Ich denke mittlerweile, der Verfasser ist in ein einer manischen Phase, und er tut mir eher leid...“

„Ja, das klingt nach einer Psychose…leider.“

„Er braucht wohl eher einen guten Psychiater als einen Anwalt.“

„Wie krank kann man sein... gut, wenn solche Personen wegbleiben.“

Klar, dass mich bei solchen Vorkommnissen der satirische Hafer sticht… Zunächst einmal ist es doch erfreulich, wenn die Seminare von Tangolehrkräften (also meist Urlaub mit Tanzgelegenheit) eine derartige Nachfrage erleben, dass abgelehnte Teilnehmer zum Anwalt rennen! Ich hätte mich eher juristischen Beistands versichert, wenn ich zur Teilnahme verpflichtet worden wäre!

Und ein wenig Schuld trifft auch die Lehrenden, die ja immer wieder verkünden, jeder Depp könne Tango lernen. Kein Wunder, wenn dann jeder Depp...

Aber im Ernst: Der Beschwerdeführer wird aus der Ablehnung keinen rechtlichen Honig saugen können – selbst wenn sein Anwalt ihn da vertritt (der wird ja – wie Tangolehrkräfte – nach Dienstleistung und nicht nach Erfolg bezahlt).

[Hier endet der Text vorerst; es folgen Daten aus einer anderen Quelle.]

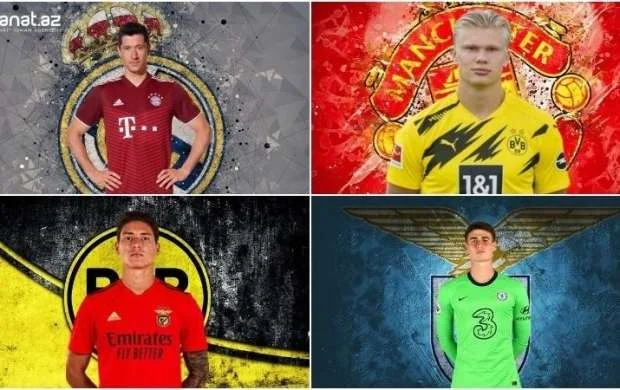 Transfer şayiələri: "Real Madrid" "transfer bombası" partlatmağa hazırlaşır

Ein Beherbergungsvertrag ist offenbar nicht zustande gekommen – und wenn, träfe den Abgelehnten die Beweislast. Und zudem gilt natürlich die Vertragsfreiheit: Kein Hotelier, Gastronom oder Seminarveranstalter muss einen Kunden akzeptieren – und schon gar nicht, wenn es sich um eine „schwierige Persönlichkeit“ handelt.

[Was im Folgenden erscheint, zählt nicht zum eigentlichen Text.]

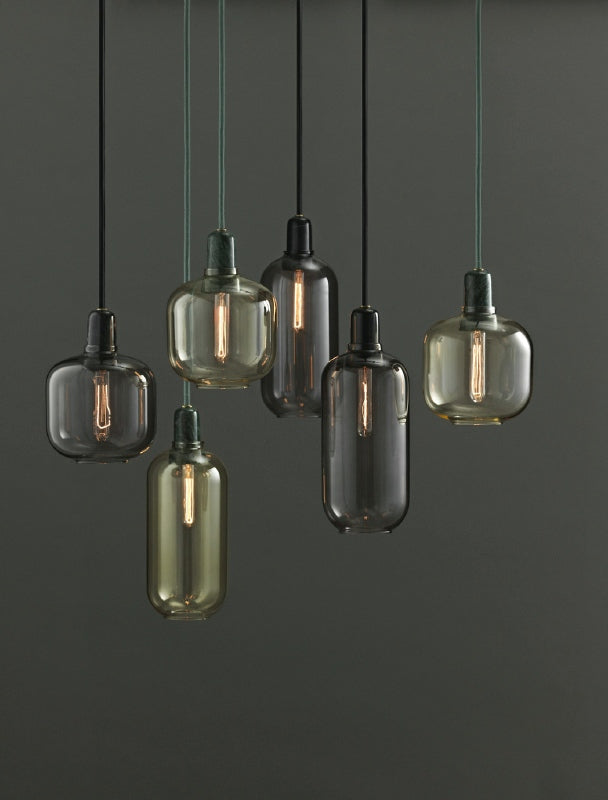 Normann Copenhagen - Amp hanglamp large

Tja, und von denen gibt es im Tango mehr, als man auf den ersten Blick ahnen sollte! Ich habe das in Hunderten von Artikeln beschrieben. Zum Glück hat nicht jede das Geld für einen Anwalt.

Eine Kommentatorin schilderte ihre Erfahrungen:

„Mit dem Anwalt gedroht wurde mir zwar noch nicht, aber es gibt tatsächlich einen – ich will ihn gar nicht Tanguero nennen – der mich in episch langen Nachrichten beschimpfte und Rechtfertigungen verlangte, weil ich wiederholt seine Mirada nicht erwidert und penetrante mündliche Aufforderungen höflich abgelehnt hatte. Und wir sind noch nicht mal auf Social Media befreundet. Einen anderen, ähnlichen Fall hatte ich auch schon mal vor ein paar Jahren.“

Klar, da muss ein Advokat mit einer Einstweiligen Verfügung ran: „Die Beklagte wird verpflichtet…“ Ab auf den Kasernenhof zum Exempel Exierzieren!    

Es gibt aber einen weiteren Aspekt. Ein Kommentator formulierte dazu den satirisch brauchbaren Satz:

„Habe aber aus sicherer Quelle erfahren, dass manche Tangoveranstalter auch nicht ganz einfach sind!“

Nachdem Frau Moussavi mich schon mal als „Obertroll“ bezeichnet hat, kann ich diesen Eindruck nicht ganz von mir weisen. Bemerkenswert auch, dass sie es vor zwei Jahren schaffte, sich mit der argentinischen Tango-Ikone Nicole Nau heftig anzulegen:

https://milongafuehrer.blogspot.com/2021/01/eine-argentinische-wutrede.html

Was bleibt von alledem? Der kriegerische Herr wird wohl im Zelt schlafen müssen, falls man ihn überhaupt noch als Seminarteilnehmer akzeptiert. Und allgemein? Man könnte in unserem Tanz natürlich alle ausschließen, deren Ego nicht durch die Tür passt.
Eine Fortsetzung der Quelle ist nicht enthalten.